Segundo o professor Bastos, nessas primeiras viagens foi feito um diagnóstico da situação da saúde bucal de uma amostra representativa da população de Monte Negro, com ações curativas odontológicas. “A partir de 2004, poderemos levar projetos de pesquisa mais específicos”, informa.

Uma das pesquisas que será desenvolvida em 2004, naquela região, visa ao diagnóstico audiológico e a programas de reabilitação para usuários de ototóxicos, a exemplo do quinino – medicamento severo utilizado para combater a malária. Outro trabalho pesquisará a ação de um medicamento que combate otite média e cárie dentária.
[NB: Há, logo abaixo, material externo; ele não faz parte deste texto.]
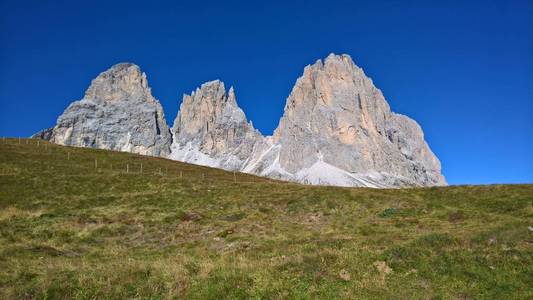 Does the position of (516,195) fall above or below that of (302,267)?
above

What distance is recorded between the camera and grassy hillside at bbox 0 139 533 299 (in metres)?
14.8

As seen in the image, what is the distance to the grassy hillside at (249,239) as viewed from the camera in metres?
14.8

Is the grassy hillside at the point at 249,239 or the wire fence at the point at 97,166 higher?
the wire fence at the point at 97,166

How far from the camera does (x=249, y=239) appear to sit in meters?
26.0

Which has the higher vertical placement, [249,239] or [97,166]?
[97,166]

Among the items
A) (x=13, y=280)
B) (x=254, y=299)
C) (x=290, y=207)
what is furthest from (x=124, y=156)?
(x=254, y=299)

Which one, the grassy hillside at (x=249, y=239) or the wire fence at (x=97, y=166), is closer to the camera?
the grassy hillside at (x=249, y=239)

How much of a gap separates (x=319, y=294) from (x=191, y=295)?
450cm

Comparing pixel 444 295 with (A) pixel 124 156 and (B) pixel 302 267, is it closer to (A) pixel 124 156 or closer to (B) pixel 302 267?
(B) pixel 302 267

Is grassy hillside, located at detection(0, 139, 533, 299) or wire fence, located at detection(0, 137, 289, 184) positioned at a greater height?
A: wire fence, located at detection(0, 137, 289, 184)

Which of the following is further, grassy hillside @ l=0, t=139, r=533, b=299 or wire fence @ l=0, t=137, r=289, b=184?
wire fence @ l=0, t=137, r=289, b=184

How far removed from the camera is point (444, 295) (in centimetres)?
1372

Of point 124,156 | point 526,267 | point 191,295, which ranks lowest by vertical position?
point 191,295

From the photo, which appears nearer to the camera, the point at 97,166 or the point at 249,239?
the point at 249,239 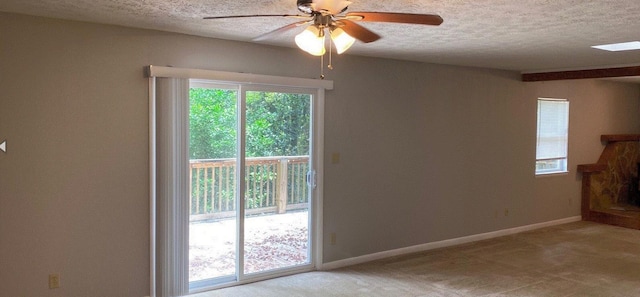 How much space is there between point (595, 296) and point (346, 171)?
2497 mm

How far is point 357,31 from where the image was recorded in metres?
2.62

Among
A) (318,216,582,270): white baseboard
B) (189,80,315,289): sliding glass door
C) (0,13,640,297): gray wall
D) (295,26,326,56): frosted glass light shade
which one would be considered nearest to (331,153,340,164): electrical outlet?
(0,13,640,297): gray wall

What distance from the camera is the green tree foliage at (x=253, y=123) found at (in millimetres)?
4277

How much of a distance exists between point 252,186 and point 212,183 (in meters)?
0.39

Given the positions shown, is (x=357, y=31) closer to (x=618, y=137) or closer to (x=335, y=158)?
(x=335, y=158)

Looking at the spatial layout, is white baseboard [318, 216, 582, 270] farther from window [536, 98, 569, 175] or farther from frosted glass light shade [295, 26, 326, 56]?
frosted glass light shade [295, 26, 326, 56]

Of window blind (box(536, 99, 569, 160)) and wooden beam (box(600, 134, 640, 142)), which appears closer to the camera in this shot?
window blind (box(536, 99, 569, 160))

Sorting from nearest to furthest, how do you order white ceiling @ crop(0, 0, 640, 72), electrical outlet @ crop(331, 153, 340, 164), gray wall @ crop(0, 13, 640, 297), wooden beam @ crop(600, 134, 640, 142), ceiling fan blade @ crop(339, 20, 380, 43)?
1. ceiling fan blade @ crop(339, 20, 380, 43)
2. white ceiling @ crop(0, 0, 640, 72)
3. gray wall @ crop(0, 13, 640, 297)
4. electrical outlet @ crop(331, 153, 340, 164)
5. wooden beam @ crop(600, 134, 640, 142)

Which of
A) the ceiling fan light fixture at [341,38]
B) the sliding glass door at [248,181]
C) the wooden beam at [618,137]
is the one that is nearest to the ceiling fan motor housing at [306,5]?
the ceiling fan light fixture at [341,38]

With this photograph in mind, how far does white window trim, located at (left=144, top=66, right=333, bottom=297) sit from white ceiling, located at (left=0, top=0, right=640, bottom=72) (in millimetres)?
320

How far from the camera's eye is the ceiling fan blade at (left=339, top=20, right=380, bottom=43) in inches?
101

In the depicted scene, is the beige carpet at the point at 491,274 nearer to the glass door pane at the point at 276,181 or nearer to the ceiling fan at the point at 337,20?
the glass door pane at the point at 276,181

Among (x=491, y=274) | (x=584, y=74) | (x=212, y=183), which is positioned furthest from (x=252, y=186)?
(x=584, y=74)

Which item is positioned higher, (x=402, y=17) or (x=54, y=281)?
(x=402, y=17) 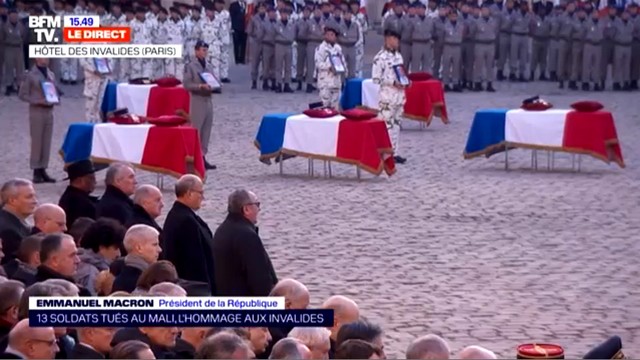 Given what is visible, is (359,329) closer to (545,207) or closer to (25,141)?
(545,207)

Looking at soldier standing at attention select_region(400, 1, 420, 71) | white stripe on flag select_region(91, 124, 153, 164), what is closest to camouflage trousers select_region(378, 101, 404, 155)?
white stripe on flag select_region(91, 124, 153, 164)

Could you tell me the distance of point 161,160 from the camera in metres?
21.5

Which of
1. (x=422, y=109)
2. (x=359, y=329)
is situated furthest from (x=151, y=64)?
(x=359, y=329)

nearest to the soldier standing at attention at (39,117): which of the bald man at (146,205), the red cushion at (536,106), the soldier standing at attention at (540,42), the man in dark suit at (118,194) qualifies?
the red cushion at (536,106)

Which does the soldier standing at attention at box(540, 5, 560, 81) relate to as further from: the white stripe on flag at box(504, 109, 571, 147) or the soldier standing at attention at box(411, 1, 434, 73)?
the white stripe on flag at box(504, 109, 571, 147)

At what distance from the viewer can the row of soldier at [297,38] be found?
38.4 meters

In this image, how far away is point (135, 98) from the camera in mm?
27203

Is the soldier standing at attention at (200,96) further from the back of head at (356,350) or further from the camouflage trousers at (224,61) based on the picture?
the camouflage trousers at (224,61)

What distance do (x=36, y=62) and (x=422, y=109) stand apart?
8.69 meters

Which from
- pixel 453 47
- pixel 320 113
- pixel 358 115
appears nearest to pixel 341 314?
pixel 358 115

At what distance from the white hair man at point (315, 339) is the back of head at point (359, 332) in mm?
114

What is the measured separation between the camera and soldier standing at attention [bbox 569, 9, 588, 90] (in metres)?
39.9

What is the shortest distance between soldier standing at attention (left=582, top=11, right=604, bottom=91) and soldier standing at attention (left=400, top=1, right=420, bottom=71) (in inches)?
163

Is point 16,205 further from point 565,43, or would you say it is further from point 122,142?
point 565,43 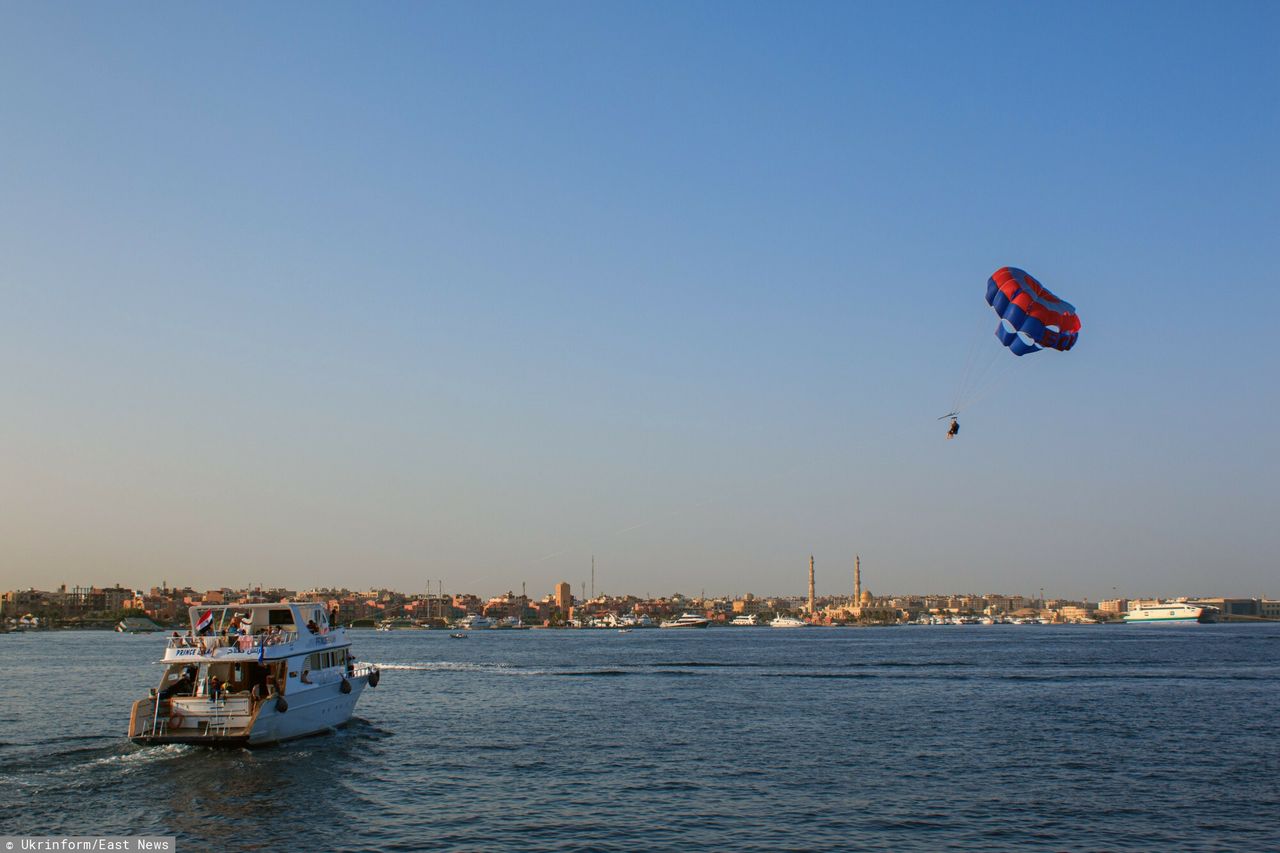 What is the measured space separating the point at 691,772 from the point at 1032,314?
20850 mm

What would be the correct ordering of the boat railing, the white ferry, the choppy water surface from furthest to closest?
1. the boat railing
2. the white ferry
3. the choppy water surface

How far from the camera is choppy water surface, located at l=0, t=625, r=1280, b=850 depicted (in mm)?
26297

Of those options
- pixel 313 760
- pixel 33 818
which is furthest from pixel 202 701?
pixel 33 818

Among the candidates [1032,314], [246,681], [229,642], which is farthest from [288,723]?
[1032,314]

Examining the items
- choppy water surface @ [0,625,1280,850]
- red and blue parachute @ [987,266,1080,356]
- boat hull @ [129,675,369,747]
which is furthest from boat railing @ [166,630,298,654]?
red and blue parachute @ [987,266,1080,356]

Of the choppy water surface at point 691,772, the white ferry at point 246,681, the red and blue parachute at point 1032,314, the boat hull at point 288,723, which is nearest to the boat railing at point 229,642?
the white ferry at point 246,681

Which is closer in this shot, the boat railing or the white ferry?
the white ferry

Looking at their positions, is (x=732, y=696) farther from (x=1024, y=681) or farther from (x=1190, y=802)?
(x=1190, y=802)

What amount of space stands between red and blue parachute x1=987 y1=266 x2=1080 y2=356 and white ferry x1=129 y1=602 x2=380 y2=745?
30.0 meters

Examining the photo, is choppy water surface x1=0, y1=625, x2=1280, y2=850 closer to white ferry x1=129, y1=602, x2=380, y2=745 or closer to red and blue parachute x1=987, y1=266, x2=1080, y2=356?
white ferry x1=129, y1=602, x2=380, y2=745

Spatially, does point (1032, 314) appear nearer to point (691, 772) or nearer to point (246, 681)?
point (691, 772)

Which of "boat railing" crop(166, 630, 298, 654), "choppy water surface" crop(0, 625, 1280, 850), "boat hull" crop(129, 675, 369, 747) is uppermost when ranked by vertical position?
"boat railing" crop(166, 630, 298, 654)

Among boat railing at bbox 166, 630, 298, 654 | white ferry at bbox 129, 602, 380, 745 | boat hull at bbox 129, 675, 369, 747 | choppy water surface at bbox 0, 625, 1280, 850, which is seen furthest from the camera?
boat railing at bbox 166, 630, 298, 654

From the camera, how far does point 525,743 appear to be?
134ft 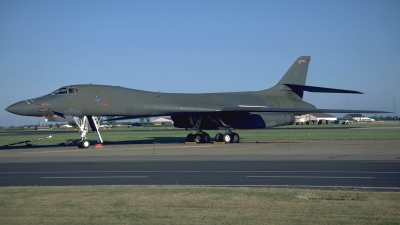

A próxima viagem? Em janeiro de 2004, cerca de 30 profissionais, entre dentistas, fonoaudiólogos, médicos e biólogos, vão percorrer o selvagem rio Machado – um dos principais afluentes do Madeira –, numa expedição científica cujo objetivo é levar saúde pública à população ribeirinha e estudar a malária que a acomete com severidade.

 

 

Quinze dias de trabalho

No período de 8 a 22 de julho passado, a equipe de pesquisadores e estudantes da USP realizou as seguintes atividades:

• atendeu 986 pacientes na área de odontologia e 874 pacientes na área de fonoaudiologia;

• realizou 2.234 procedimentos odontológicos (áreas de dentística, periodontia, cirurgia e prevenção), considerando atendimentos realizados na clínica odontológica, nas escolas, nas creches e nas linhas rurais;

• Fez 1.880 procedimentos fonoaudiológicos (linguagem oral e escrita, audiologia e motricidade oral);

• ofereceu aulas práticas e curso para auxiliares, abordando temas como introdução à odontologia, noções básicas de biossegurança, introdução à anatomia dentária, noções básicas sobre instrumental odontológico e manipulação de materiais dentários.

• Palestras para 21 professores da rede pública municipal e estadual, enfocando saúde
bucal e saúde fonoaudiológica do escolar.